Search code examples
pythonregexhtml-parsinglxml

Applying root.xpath() with regex returns a lxml.etree._ElementUnicodeResult


I'm generating a model to find out where a piece of text is located in an HTML file.

So, I have a database with plenty of data from different newspaper's articles with data like title, publish date, authors and news text. What I'm trying to do is by analyzing this data, generate a model that can find by itself the XPath to the HTML tags with this content.

The problem is when I use a regex within the xpath method as shown here:

from lxml import html

with open('somecode.html', 'r') as f:
    root = html.fromstring(f.read())

list_of_xpaths = root.xpath('//*/@*[re:match(.,"2019-04-15")]')

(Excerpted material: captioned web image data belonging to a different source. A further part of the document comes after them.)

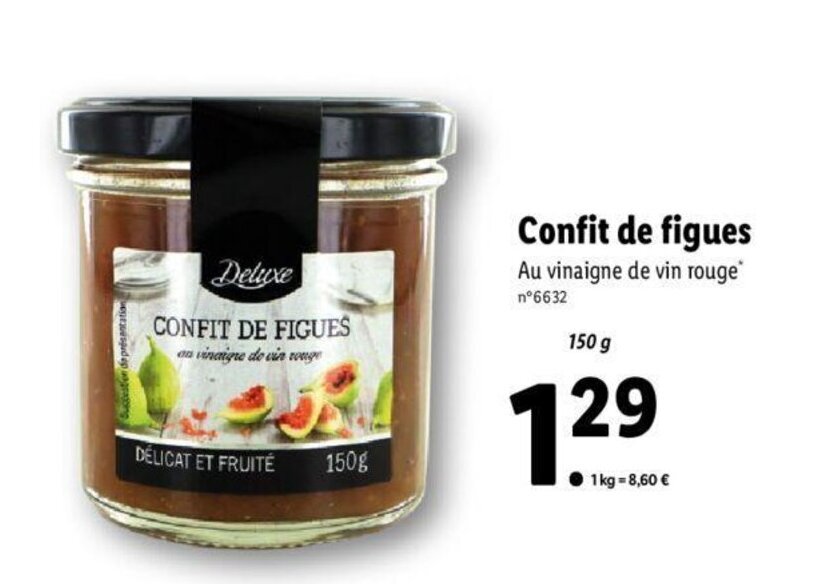 Promo Confit de figues chez Lidl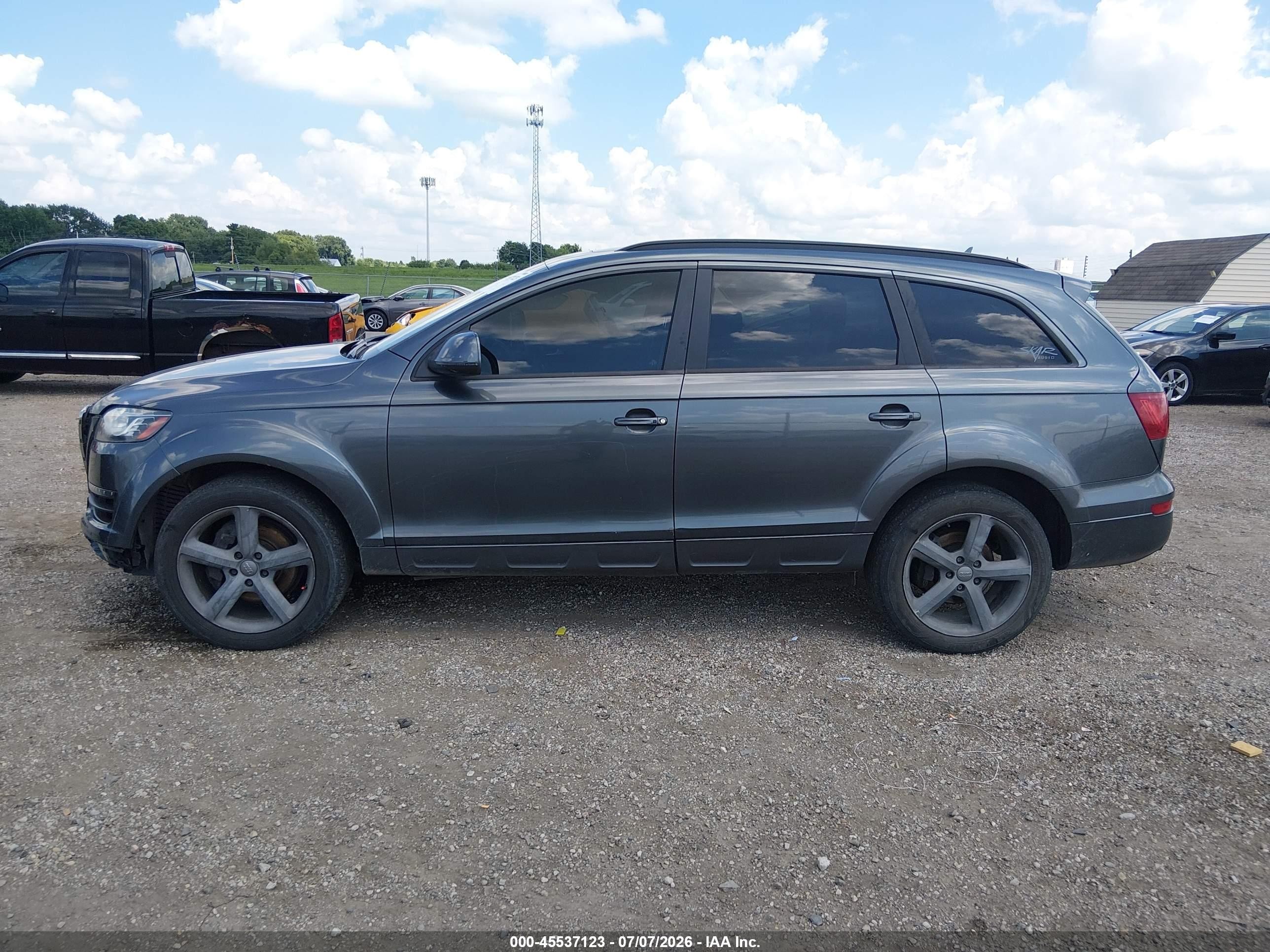 2015 Audi Q7 3.0t Premium Gray vin: WA1LGAFE3FD009899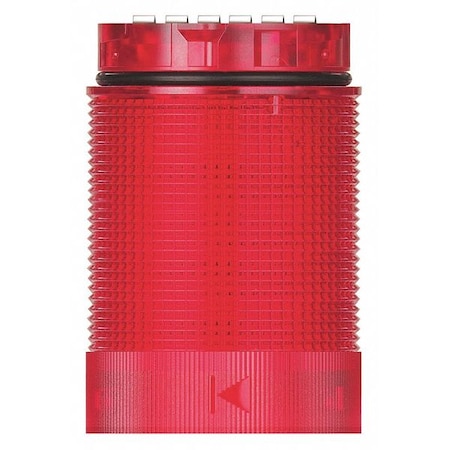 Werma Tower Light Module, 24V AC, 24V DC, Red, 40 mm Dia., 59 mm Height, LED, KombiSIGN 40 Series 63411075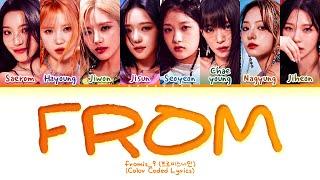 fromis_9 from Lyrics (Color Coded Lyrics)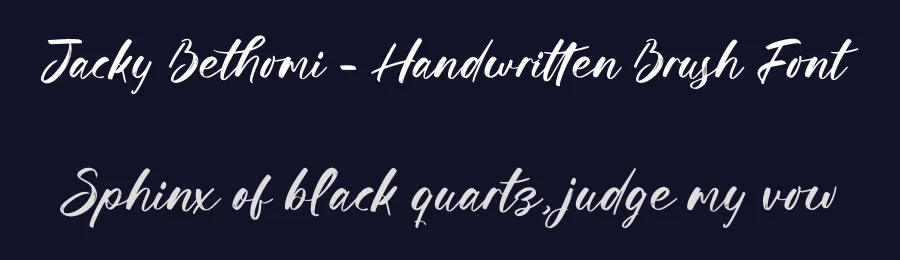 Jacky Bethomi – Handwritten Brush Font by stylishtype.co — Script Handwritten Font — thumbnail 2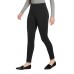  Ladies' Slub Legging, Black, Large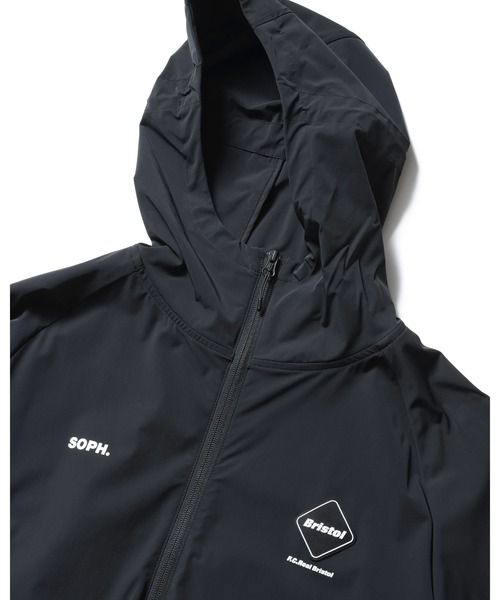 F.C.Real Bristol(エフシーレアルブリストル)の「CORDURA 4WAY STRETCH VENTILATION JACKET(ナイロンジャケット・メンズ・ネイビー/ブラック・X-LARGE/LARGE/MEDIUM/XX-LARGE/SMALL)」の5枚目の写真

This is an example of searching for the publish date in the code. It returns a lxml.etree._ElementUnicodeResult instead of lxml.etree._Element.

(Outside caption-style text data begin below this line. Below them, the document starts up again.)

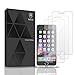 Manords Compatible iPhone 6 iPhone 6s Screen Protector, 4.7-Inch Full Protection Durable Tempered Glass [3 Packs] with Two iPhone 6 iPhone 6s Cases
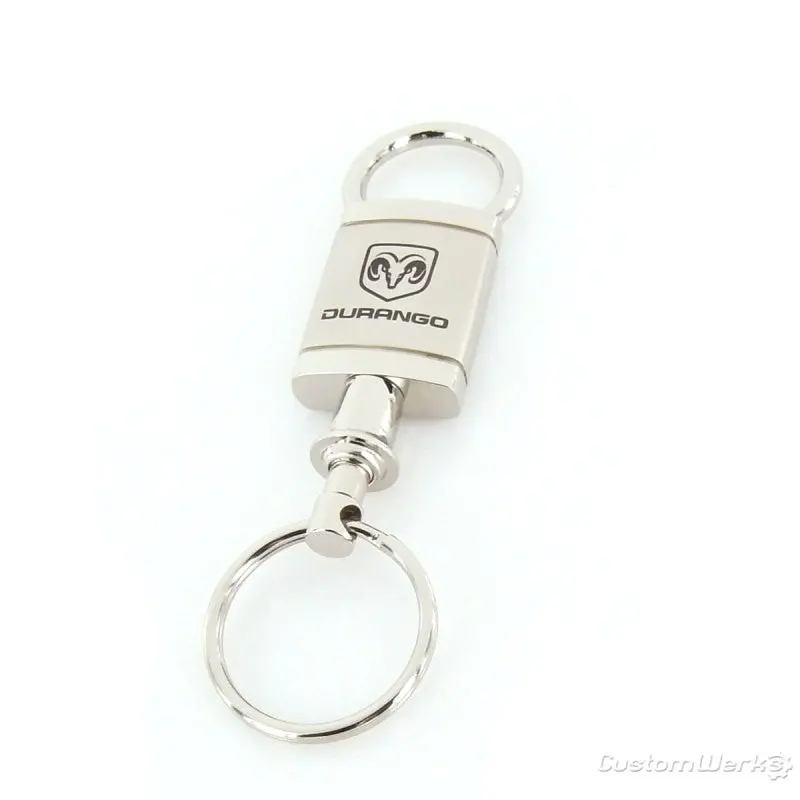 Dodge Durango Satin Valet Keychain (Chrome) 1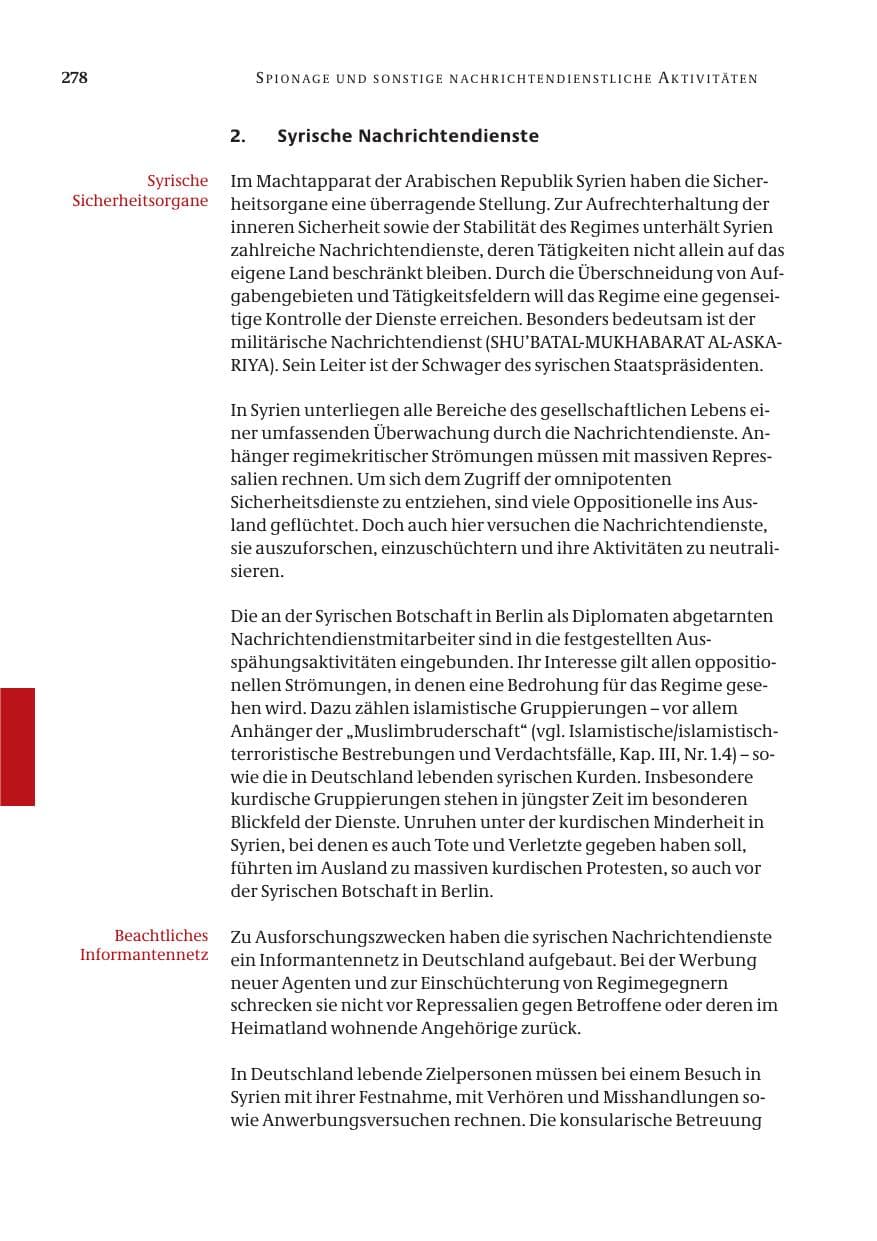 Seite 279 des Verfassungsschutzbericht 2005 Bund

Unfortunately, this type of element doesn't let me get the XPath to where is it locate like an lxml.etree._Element after applying root.getroottree().getpath(list_of_xpaths[0]).

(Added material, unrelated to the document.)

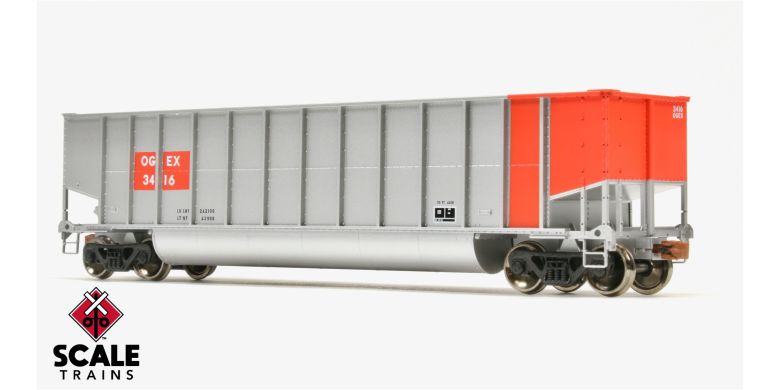 Scaletrains Operator HO Scale Bethgon Coal Gondola, Oklahoma Gas & Electric Company/OGEX #3383 - SXT11475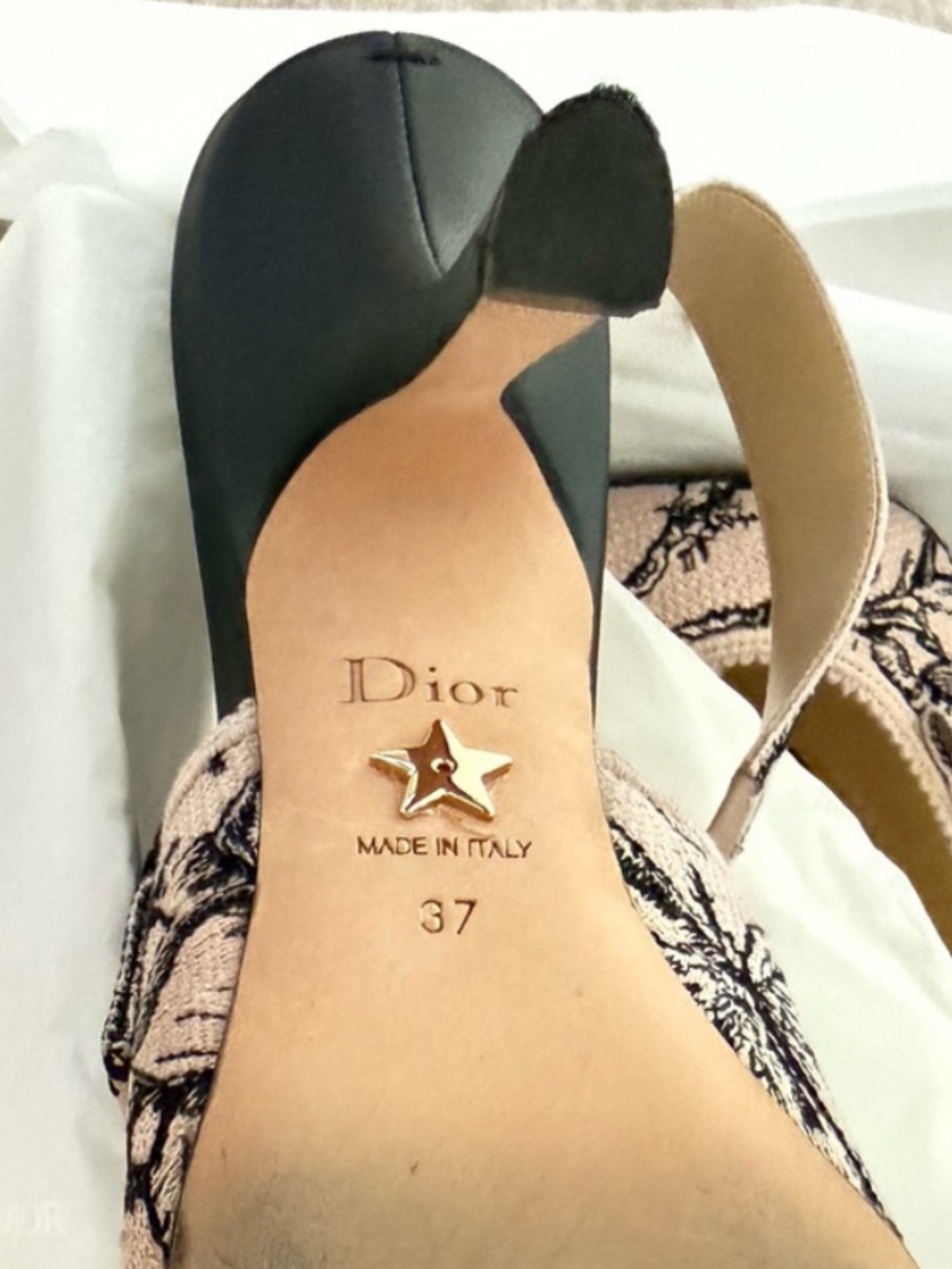 Christian Dior J’Adior Jardin Botanique Slingback Pumps 37 - Picture 9 of 10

Is there a way to get the XPath for this type of element? How?

Is there a way to lxml with regex return an lxml.etree._ElementUnicodeResult element instead?


Solution

  • The problem is that you get an attribute value represented as an instance of _ElementUnicodeResult class.

    If we introspect what _ElementUnicodeResult class provides, we could see that it allows you to get to the element which has this attribute via .getparent() method:

    attribute = list_of_xpaths[0]
    element = attribute.getparent()
    
    print(root.getroottree().getpath(element))
    

    This would get us a path to the element, but as we need an attribute name as well, we could do:

    print(attribute.attrname) 
    

    Then, to get the complete xpath pointing at the element attribute, we may use:

    path_to_element = root.getroottree().getpath(element)
    attribute_name = attribute.attrname
    
    complete_path = path_to_element + "/@" + attribute_name
    print(complete_path)
    

    FYI, _ElementUnicodeResult also indicates if this is actually an attribute via .is_attribute property (as this class also represents text nodes and tails as well).